Monetary damages are also available for NDA breaches. The disclosing party can recover actual damages — the financial losses directly caused by the unauthorized disclosure — as well as any profits the breaching party earned by using the confidential information. In some cases, the court may also award punitive damages if the breach was willful or malicious. If the NDA includes an attorney's fees provision, the prevailing party can also recover their legal costs.

However, the enforceability of an NDA depends on its terms being reasonable. Courts may refuse to enforce an NDA that is overly broad in its definition of confidential information, unreasonably long in duration, unnecessarily restrictive in scope, or that tries to prevent the receiving party from using their own general knowledge and skills.
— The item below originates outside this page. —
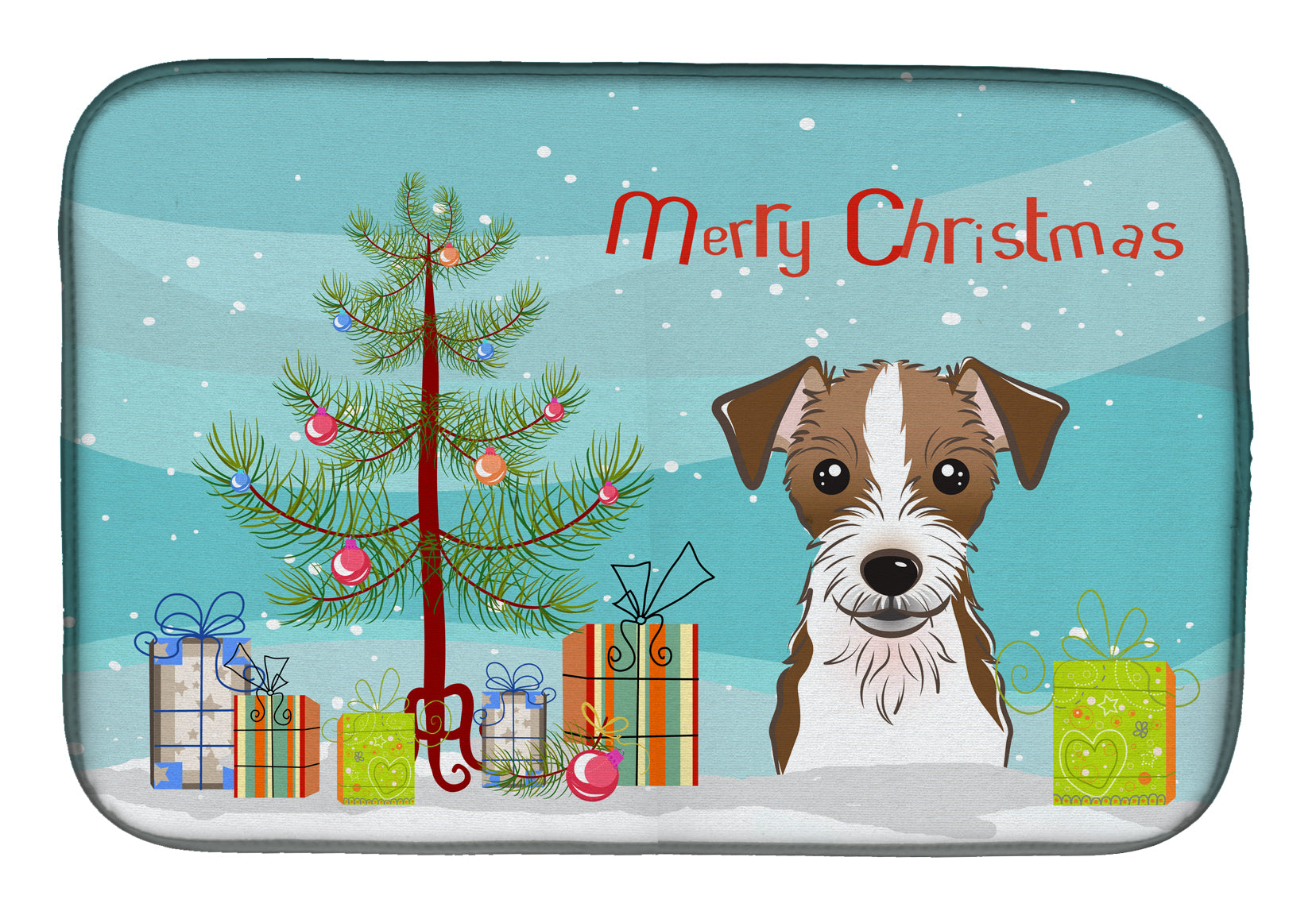 Christmas Tree and Jack Russell Terrier Dish Drying Mat Absorbent Dish Drying Mat Pad for Kitchen Counter Dish Drainer Mat for Countertop, 14 x 21", Multicolor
An NDA that effectively prevents someone from working in their field may be treated similarly to a non-compete agreement and subjected to stricter scrutiny under state law. Courts also will not enforce NDA provisions that require concealment of illegal activity, fraud, or threats to public safety.

One of the most critical mistakes in drafting an NDA is defining confidential information too broadly or too narrowly. An overly broad definition — such as "all information shared between the parties" — may be viewed by courts as unreasonable and could be difficult to enforce. Conversely, an overly narrow definition may leave important categories of information unprotected. The best approach is to be specific about the types of information covered while including a reasonable catch-all provision. For example, listing specific categories (financial data, customer lists, technical specifications, business strategies) followed by "and any other non-public information that a reasonable person would understand to be confidential" provides both specificity and breadth.

Another common error is failing to include standard exclusions from the definition of confidential information. Every NDA should exclude information that is already publicly available, was already known to the receiving party, was independently developed, or was received from a third party without restriction. Without these exclusions, the NDA could theoretically prevent the receiving party from using information they already knew or that is publicly available — which is both unfair and likely unenforceable.

Failing to specify the duration of confidentiality obligations is another frequent mistake. An NDA without a defined term may be interpreted differently depending on the jurisdiction — some courts may apply a reasonable duration, while others may find the obligation unenforceable for vagueness. Always specify how long the confidentiality obligations last, and ensure the duration is reasonable for the type of information being protected. Trade secrets may warrant longer or even indefinite protection, while general business information may only need one to three years of protection.

Using a unilateral NDA when a mutual NDA is more appropriate can create unnecessary tension and may leave one party unprotected. If both parties will be sharing confidential information — even if the information sharing is not perfectly symmetrical — a mutual NDA is generally the better choice. It demonstrates good faith, provides balanced protection, and avoids the implication that one party's information is more valuable or deserving of protection than the other's.

Finally, many people make the mistake of relying solely on an NDA without taking other reasonable steps to protect their confidential information. An NDA is an important legal tool, but it should be part of a broader information security strategy that includes technical measures (encryption, access controls, secure file sharing), physical measures (locked offices, secure storage), and organizational measures (employee training, clear information handling policies). Courts are more likely to enforce an NDA and find that information qualifies as a trade secret if the disclosing party can demonstrate they took reasonable steps to maintain its secrecy beyond just having people sign an agreement.